Stored data section start
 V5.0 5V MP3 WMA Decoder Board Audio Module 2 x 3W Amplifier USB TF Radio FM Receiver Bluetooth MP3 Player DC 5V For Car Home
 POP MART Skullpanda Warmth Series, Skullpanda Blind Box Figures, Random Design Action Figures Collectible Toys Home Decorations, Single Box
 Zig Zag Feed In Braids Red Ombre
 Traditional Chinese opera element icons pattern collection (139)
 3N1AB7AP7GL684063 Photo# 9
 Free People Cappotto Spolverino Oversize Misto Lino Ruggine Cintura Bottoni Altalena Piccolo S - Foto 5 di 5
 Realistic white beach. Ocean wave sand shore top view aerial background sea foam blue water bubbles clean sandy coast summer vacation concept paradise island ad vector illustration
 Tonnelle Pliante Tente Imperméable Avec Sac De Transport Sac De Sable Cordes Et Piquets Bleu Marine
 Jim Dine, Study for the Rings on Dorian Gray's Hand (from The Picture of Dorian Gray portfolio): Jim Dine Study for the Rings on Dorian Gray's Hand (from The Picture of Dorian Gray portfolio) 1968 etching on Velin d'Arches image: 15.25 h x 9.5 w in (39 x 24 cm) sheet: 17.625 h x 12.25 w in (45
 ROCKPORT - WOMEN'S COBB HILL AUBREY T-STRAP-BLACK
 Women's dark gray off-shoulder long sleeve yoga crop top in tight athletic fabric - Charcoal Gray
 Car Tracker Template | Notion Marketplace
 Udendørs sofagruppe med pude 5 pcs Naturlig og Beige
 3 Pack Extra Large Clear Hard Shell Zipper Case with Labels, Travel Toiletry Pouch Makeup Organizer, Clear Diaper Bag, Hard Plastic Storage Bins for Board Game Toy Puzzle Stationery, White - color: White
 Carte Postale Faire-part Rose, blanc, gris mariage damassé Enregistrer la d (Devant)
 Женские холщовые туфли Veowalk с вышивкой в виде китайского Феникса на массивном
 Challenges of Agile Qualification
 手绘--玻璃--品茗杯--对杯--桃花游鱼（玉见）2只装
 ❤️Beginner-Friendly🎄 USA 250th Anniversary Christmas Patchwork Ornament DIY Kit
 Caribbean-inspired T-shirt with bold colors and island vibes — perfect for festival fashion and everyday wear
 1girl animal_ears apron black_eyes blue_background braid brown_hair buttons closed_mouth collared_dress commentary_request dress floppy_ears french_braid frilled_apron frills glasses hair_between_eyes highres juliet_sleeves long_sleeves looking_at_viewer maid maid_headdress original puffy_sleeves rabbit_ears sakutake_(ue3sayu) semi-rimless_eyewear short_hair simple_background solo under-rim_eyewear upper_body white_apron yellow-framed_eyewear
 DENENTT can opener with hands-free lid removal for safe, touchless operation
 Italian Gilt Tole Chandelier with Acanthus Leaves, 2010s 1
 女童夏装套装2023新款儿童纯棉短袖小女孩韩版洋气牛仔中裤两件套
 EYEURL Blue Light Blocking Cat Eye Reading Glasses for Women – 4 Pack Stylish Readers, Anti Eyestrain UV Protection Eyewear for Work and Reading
Stored data section end
• [Work instructions]: Working from the data above, extract solely the lines from the one containing "ROCKPORT - WOMEN'S" through the one containing "Ornament DIY Kit", exactly as they appear, both included.

• [Task solution]:
 ROCKPORT - WOMEN'S COBB HILL AUBREY T-STRAP-BLACK
 Women's dark gray off-shoulder long sleeve yoga crop top in tight athletic fabric - Charcoal Gray
 Car Tracker Template | Notion Marketplace
 Udendørs sofagruppe med pude 5 pcs Naturlig og Beige
 3 Pack Extra Large Clear Hard Shell Zipper Case with Labels, Travel Toiletry Pouch Makeup Organizer, Clear Diaper Bag, Hard Plastic Storage Bins for Board Game Toy Puzzle Stationery, White - color: White
 Carte Postale Faire-part Rose, blanc, gris mariage damassé Enregistrer la d (Devant)
 Женские холщовые туфли Veowalk с вышивкой в виде китайского Феникса на массивном
 Challenges of Agile Qualification
 手绘--玻璃--品茗杯--对杯--桃花游鱼（玉见）2只装
 ❤️Beginner-Friendly🎄 USA 250th Anniversary Christmas Patchwork Ornament DIY Kit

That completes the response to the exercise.